Hmmmm....our spy drone did a good job. Buddy and I headed up there next Tuesday to zero in on that special tree top. Today it was on the choctaw and we hit the shellcrackers pretty good although not whoppers. Report later this evening. We got a load of crawfish on the way home so right now the priority is a crawfish boil for supper. Cleaning fish can wait.


----------



## Try'n Hard (Oct 23, 2008)

12 today along with resealing the dock


----------



## FishWalton (Jul 22, 2010)

*Millers Ferry*

We went and we came home empty handed. Series of ill fated mishaps and weather cut the trip short.

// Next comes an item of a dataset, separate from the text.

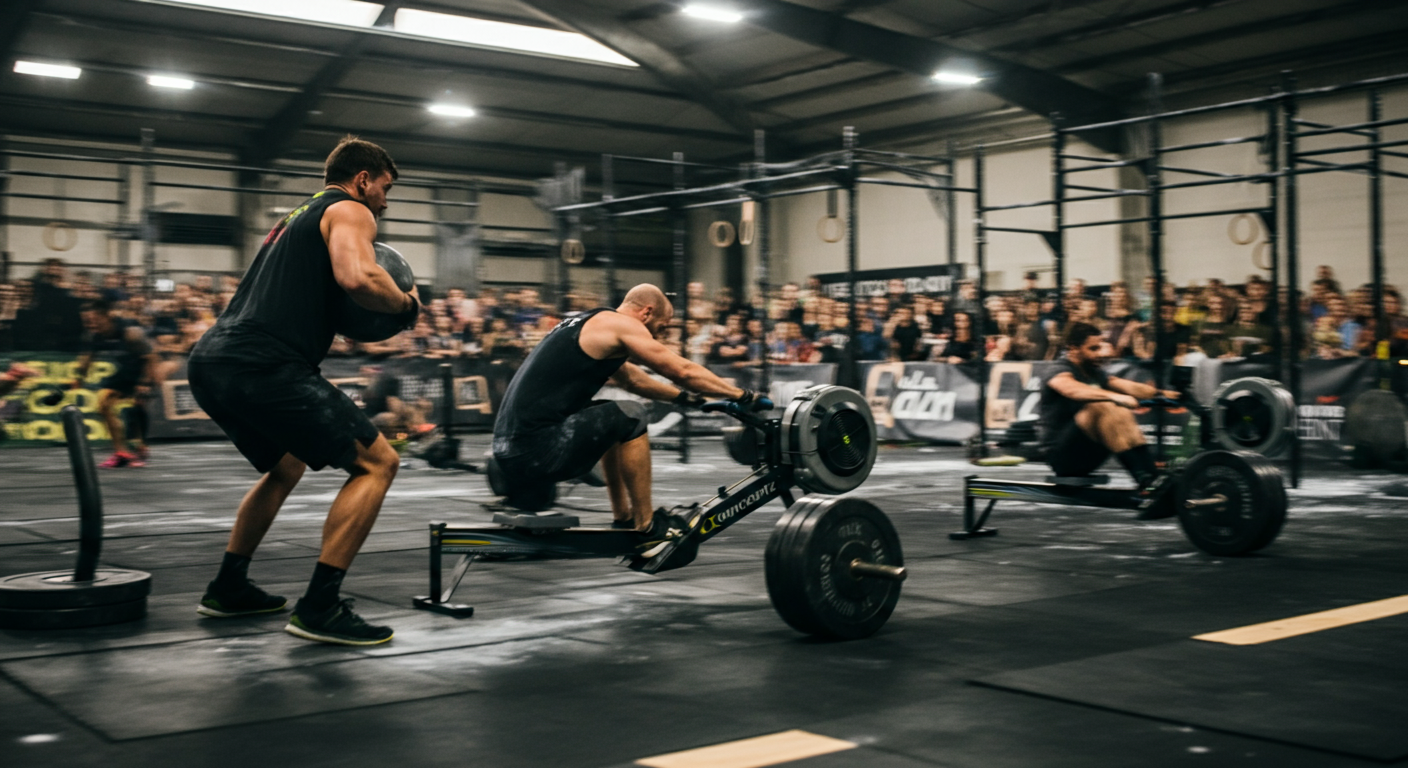 Hyrox: Top 5 Energéticos para Máximo Desempenho (2026)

So we just chalked it up as a learning experience and exploration of new waters in preparation of another time. Was able to view the dam from both sides. Only one boat was fishing below the dam and none above that we could see. We fished many miles upriver from the dam. This is an awesome river compared to the Choctawhatchee. Maybe 3 or 4 times as wide as the Choctaw in it's widest places and much deeper all up and down the river. Wind on the river was a real factor for us and we noticed a lot more wood and stuff coming down the river than you see on the Choctaw. 

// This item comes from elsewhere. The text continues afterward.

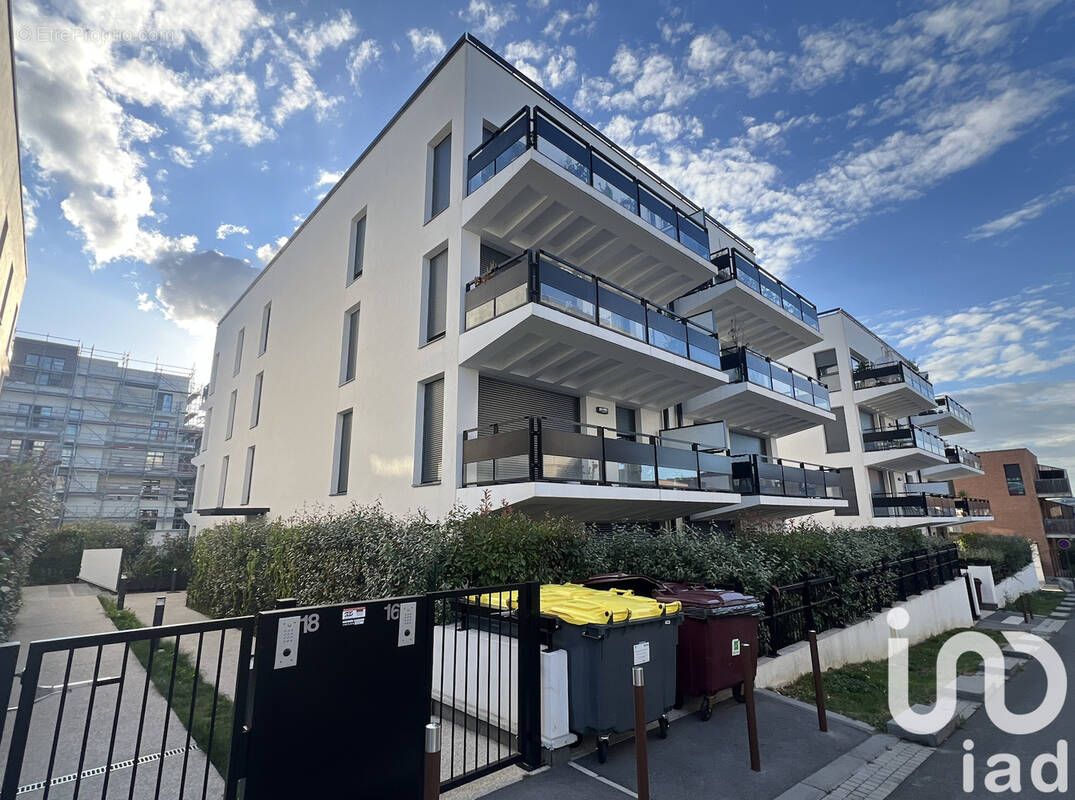 Photo 1 - Appartement à LAGNY-SUR-MARNE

Now it's back to the Choctawhatchee where the bream and cat bite is picking up. Good weather for a few days will put people on the water.


----------



## FishWalton (Jul 22, 2010)

*Back on the Choctawhatchee*

Back on the Choctawhatchee this afternoon. River at a good water level but it was more muddy than I expected. Of course it's rare the Choctaw is not muddy....only in drought situation you see it green in color.

Stopped at a few spots for cats. Didn't venture very far from Bull landing this time. A lot of pecker bites, but managed to put 4 channels in the box...2.5, 1.5, and two smaller. One hand size bream. Cats on shrimp using the Wrap and bream on earthworm. The Wrap gizmo works,, but it's a trade off. Bait in the Wrap lasts a lot longer giving you a better opportunity for a hook-up, but shrimp will work just as well with frequent bait-ups using more shrimp. 

Think I will start saving a few dink bream for catfish bait, but anything larger gets eaten by me and my friends. Would like to catch a 20 pound cat but its not a priority. I have too much fun just fishing and enjoying the outdoors to spend a lot of time chasing bait for big cats and buy all that heavy duty tackle you need. To each his own! Life is good....enjoy it while you can.


----------